Je me souviens de ma mère devant ses fourneaux, en fait une simple cuisinière à gaz, mais quand on sait s’en servir tout est possible. J’ai vu mitonner des ragoûts sur ses feux et cuire des rôtis et des tartes dans son four ; pourtant ce n’est pas l’œil qui en profitait le plus à cet instant, mais plus certainement le nez. Les fumets émanant de la cuisine venaient me cueillir dans ma chambre, me titillant les narines le temps d’un court combat dont je ne ressortais jamais vainqueur, charmé comme par une mélodie magique ou un gamin d’Hamelin par le son de la flûte, je ne résistais pas à l’envie d’interroger maman, « qu’est-ce qu’on mange ? »
Mes cellules adipeuses en gardent de goûteux souvenirs, même si aujourd’hui évoquer ce genre d’évènements s’apparente à lâcher des gros mots qui irritent les fanatiques dela diététique. Dans sa cuisine, ma mère s’activait entre l’évier et le frigo, la table et la cuisinière, préparant sans cesse les repas. J’ai l’impression que ces repas lui mangeaient tout son temps, curieuse inversion de sens.
Vêtue de son tablier elle mettait les légumes à nu, vidait la tripaille des poissons, roulait sa pâte à tarte dans des envolées de farine. Le tablier c’était son uniforme, mère au foyer c’est un métier. A cette époque – le général de Gaulle est notre président - le tablier ou éventuellement une blouse, était un vêtement incontournable pour les femmes. Entre le ménage, les gamins à torcher et les repas qui ne connaissaient pas encore le surgelé ou le tout prêt à l’emploi, il y avait du pain sur la planche. Ce vêtement protecteur avait une réelle utilité pratique, pour se protéger des salissures ou s’essuyer les mains vite fait.
Aujourd’hui, plus personne ne porte de tablier à la maison, ou alors un de ces tabliers orné d’un court texte comique du style « Tablier du grand chef » ou encore « In this Kitchen I’m the Boss ! » pour donner une touche d’humour second degré, et le plus souvent dans ce cas c’est l’homme qui s’en affuble pour préparer les grillades quand les invités sont arrivés.
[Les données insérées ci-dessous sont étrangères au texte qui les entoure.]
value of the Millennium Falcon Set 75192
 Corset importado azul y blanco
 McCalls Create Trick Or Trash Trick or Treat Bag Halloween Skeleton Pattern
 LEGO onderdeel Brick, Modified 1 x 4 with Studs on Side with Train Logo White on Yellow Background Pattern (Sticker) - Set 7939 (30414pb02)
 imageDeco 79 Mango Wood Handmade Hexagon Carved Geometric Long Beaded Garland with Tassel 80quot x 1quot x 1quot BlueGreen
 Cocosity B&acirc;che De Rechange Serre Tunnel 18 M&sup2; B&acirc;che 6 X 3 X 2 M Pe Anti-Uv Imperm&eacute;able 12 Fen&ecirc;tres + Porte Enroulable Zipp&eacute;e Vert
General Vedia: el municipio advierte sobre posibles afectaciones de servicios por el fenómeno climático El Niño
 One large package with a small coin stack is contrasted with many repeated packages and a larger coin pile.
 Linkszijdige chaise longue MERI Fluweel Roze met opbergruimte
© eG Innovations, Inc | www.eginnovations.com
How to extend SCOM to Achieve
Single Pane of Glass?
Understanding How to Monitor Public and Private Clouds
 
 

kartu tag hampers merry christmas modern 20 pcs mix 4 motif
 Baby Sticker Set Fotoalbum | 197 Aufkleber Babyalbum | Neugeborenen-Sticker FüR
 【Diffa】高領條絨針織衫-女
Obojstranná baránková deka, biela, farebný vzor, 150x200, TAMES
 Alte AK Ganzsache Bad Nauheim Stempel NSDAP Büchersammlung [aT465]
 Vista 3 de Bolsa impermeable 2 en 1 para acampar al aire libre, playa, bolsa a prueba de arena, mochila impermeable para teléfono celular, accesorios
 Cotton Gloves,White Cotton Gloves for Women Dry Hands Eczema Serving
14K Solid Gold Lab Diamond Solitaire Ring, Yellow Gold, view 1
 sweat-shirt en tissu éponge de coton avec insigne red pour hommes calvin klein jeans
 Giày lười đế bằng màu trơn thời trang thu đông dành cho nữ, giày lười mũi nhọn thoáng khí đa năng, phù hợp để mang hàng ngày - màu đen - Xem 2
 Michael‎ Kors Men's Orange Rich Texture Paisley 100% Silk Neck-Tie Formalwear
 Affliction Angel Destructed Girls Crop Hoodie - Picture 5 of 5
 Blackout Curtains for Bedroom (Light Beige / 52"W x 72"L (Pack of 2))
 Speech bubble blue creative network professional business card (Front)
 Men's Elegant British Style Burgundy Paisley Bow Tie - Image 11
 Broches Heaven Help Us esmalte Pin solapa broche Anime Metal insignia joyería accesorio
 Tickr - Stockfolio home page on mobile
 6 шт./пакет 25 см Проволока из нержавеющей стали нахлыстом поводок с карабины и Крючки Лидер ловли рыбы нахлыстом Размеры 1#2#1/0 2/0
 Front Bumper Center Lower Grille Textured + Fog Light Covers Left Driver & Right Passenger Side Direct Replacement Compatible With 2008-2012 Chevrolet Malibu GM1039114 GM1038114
Autre variante, le tablier de soubrette en accessoire érotique… En tout cas, il est très rare me semble-t-il, de voir des femmes en tablier chez elles, de nos jours. J’ai le sentiment qu’il représente un passé dégradant, voire avilissant, qu’il est mis au rebut comme la blouse pour les élèves des écoles et collèges. Chaque époque se créé des symboles à la hauteur des combats qu’elle imagine livrer.